PROMPT
Your answer is the line containing "anne_millerr online show" plus every line after it through the end of the records, printed exactly and free of pictures.
### DATA FOR THIS TASK
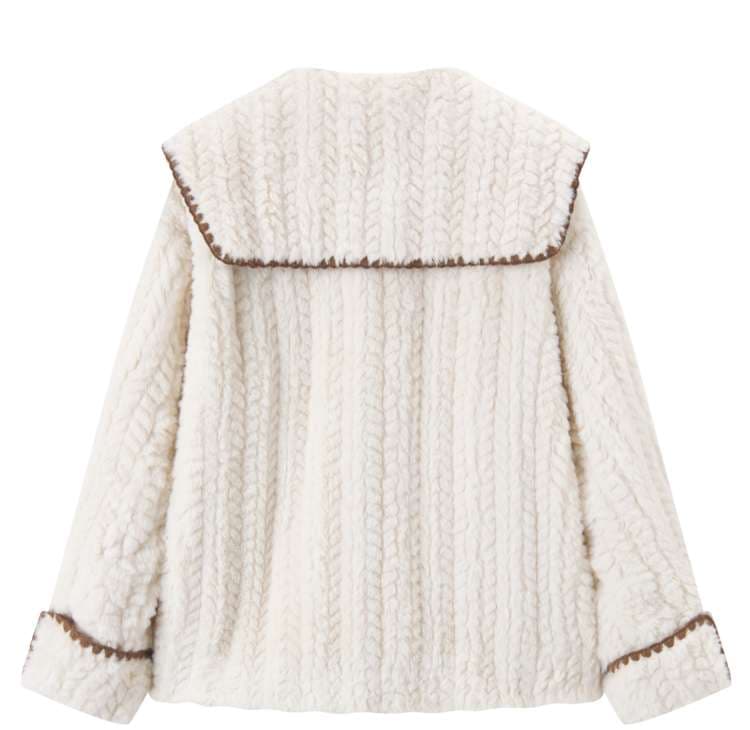 大人かわいい服 モコモコ襟が愛らしいショートコート
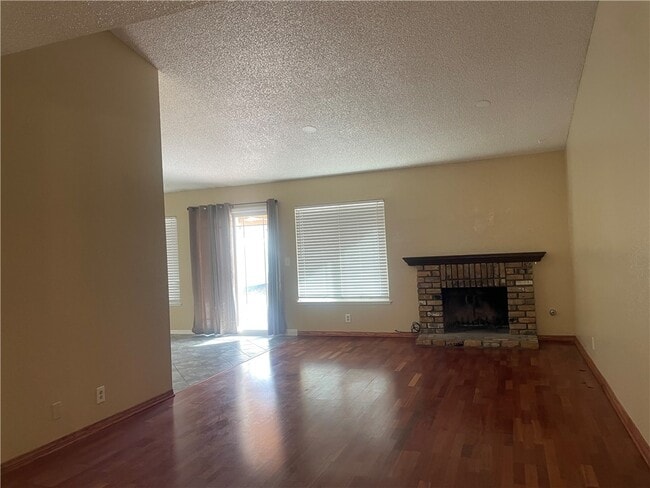 Building Photo - 1053 N Wisteria Ave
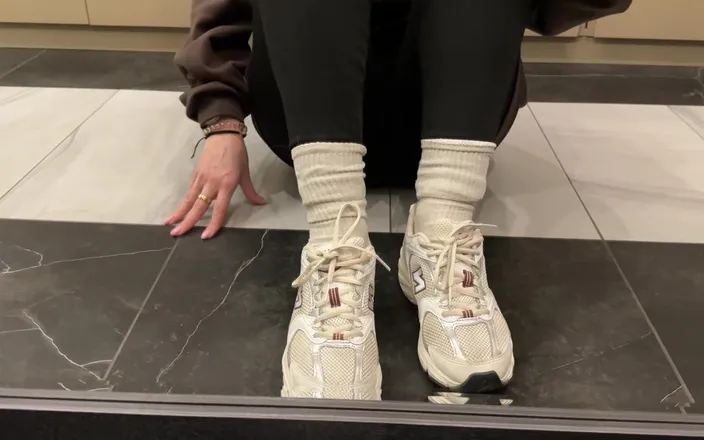 Art Sunny: Sweaty Post-workout Feet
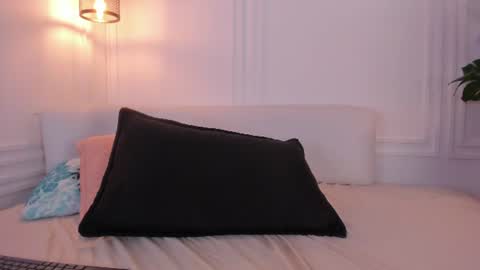anne_millerr online show from August 12, 6:10 pm
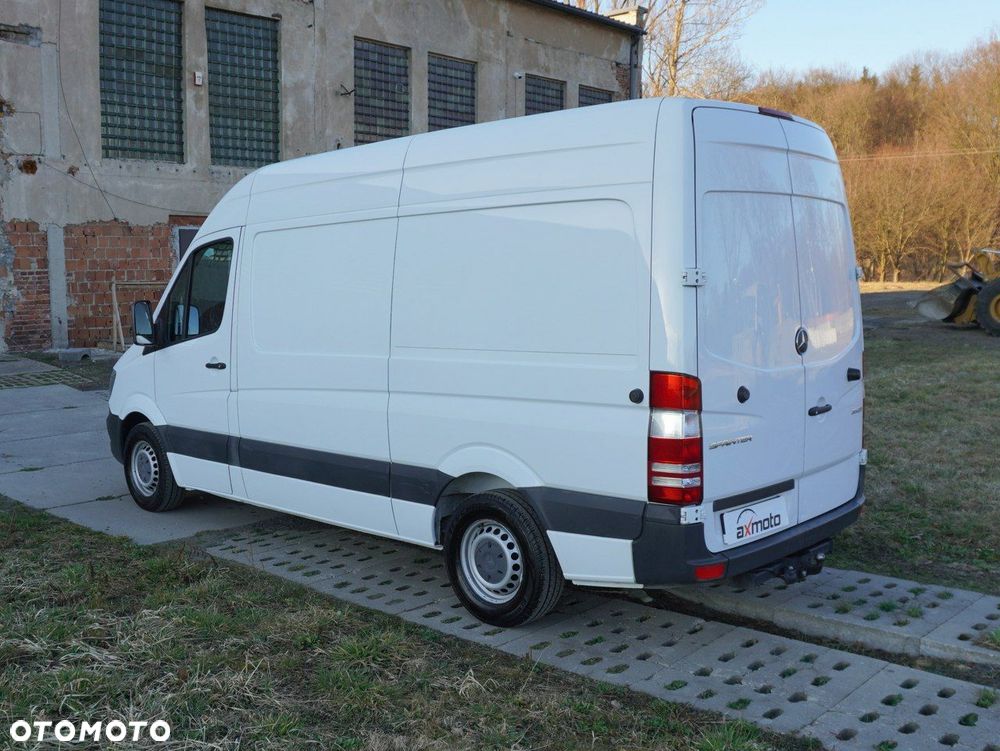 Mercedes-Benz Sprinter - 8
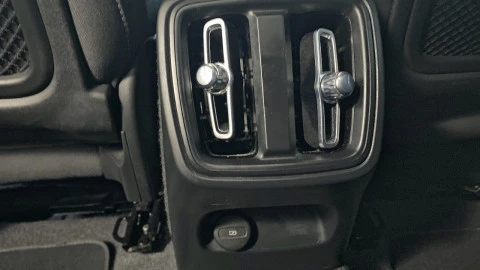 Volvo XC40 2.0 B3 G Core Auto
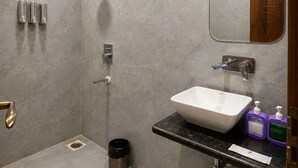 Deluxe Room | Bathroom - Shri Radha Bihari by Zenith Suites (Vrindavan)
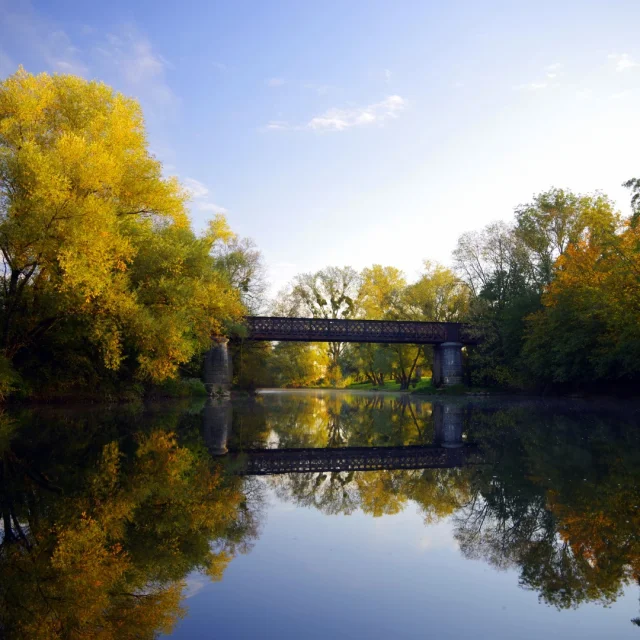 Paysage d'automne en fin de journée - Un pont enjambe la rivière Ognon, entourée de forêt - Vallée de l'Ognon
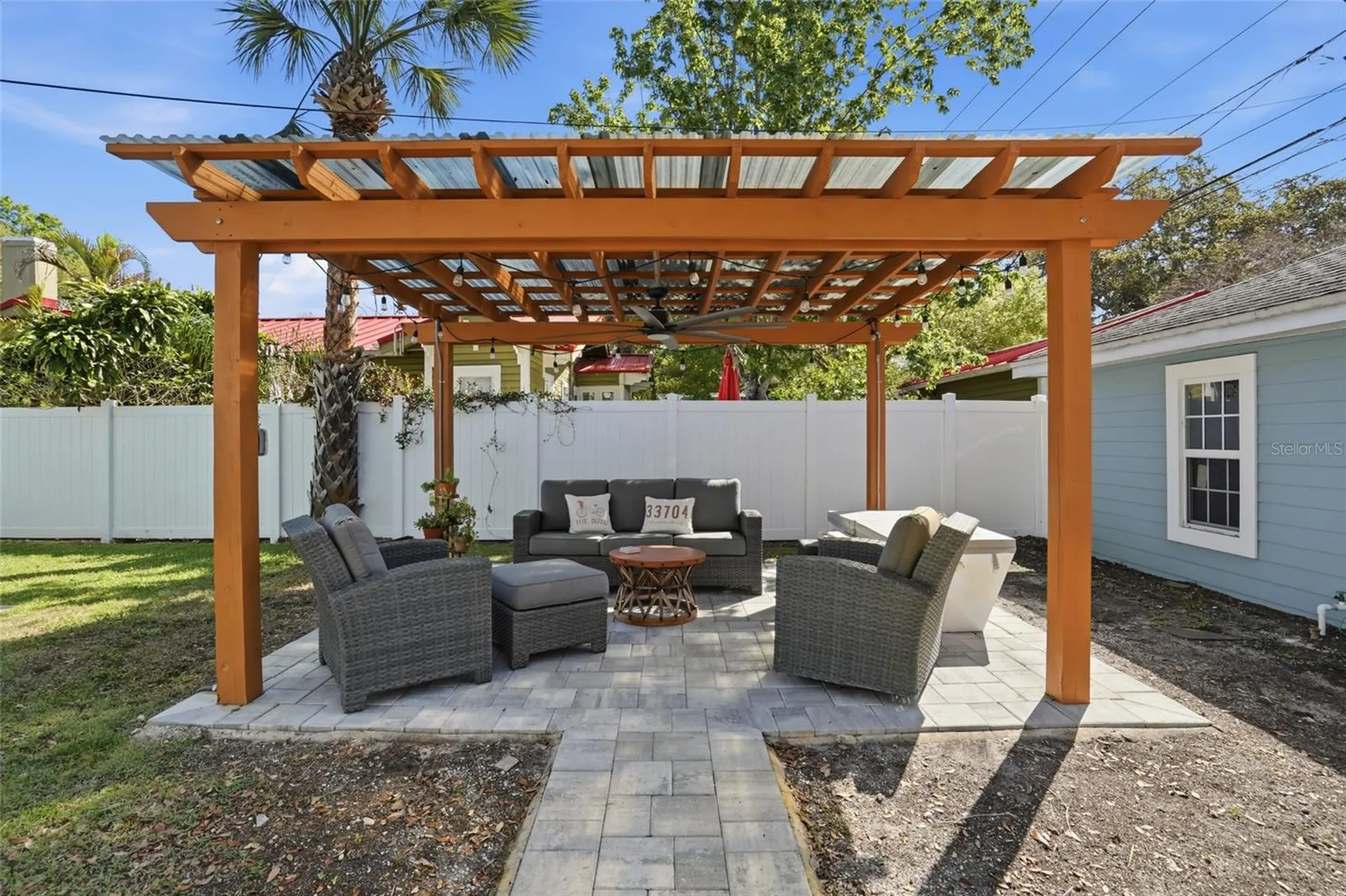 126 22nd Avenue NE St Petersburg FL 33704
######
THE ANSWER
anne_millerr online show from August 12, 6:10 pm
 Mercedes-Benz Sprinter - 8
 Volvo XC40 2.0 B3 G Core Auto
 Deluxe Room | Bathroom - Shri Radha Bihari by Zenith Suites (Vrindavan)
 Paysage d'automne en fin de journée - Un pont enjambe la rivière Ognon, entourée de forêt - Vallée de l'Ognon
 126 22nd Avenue NE St Petersburg FL 33704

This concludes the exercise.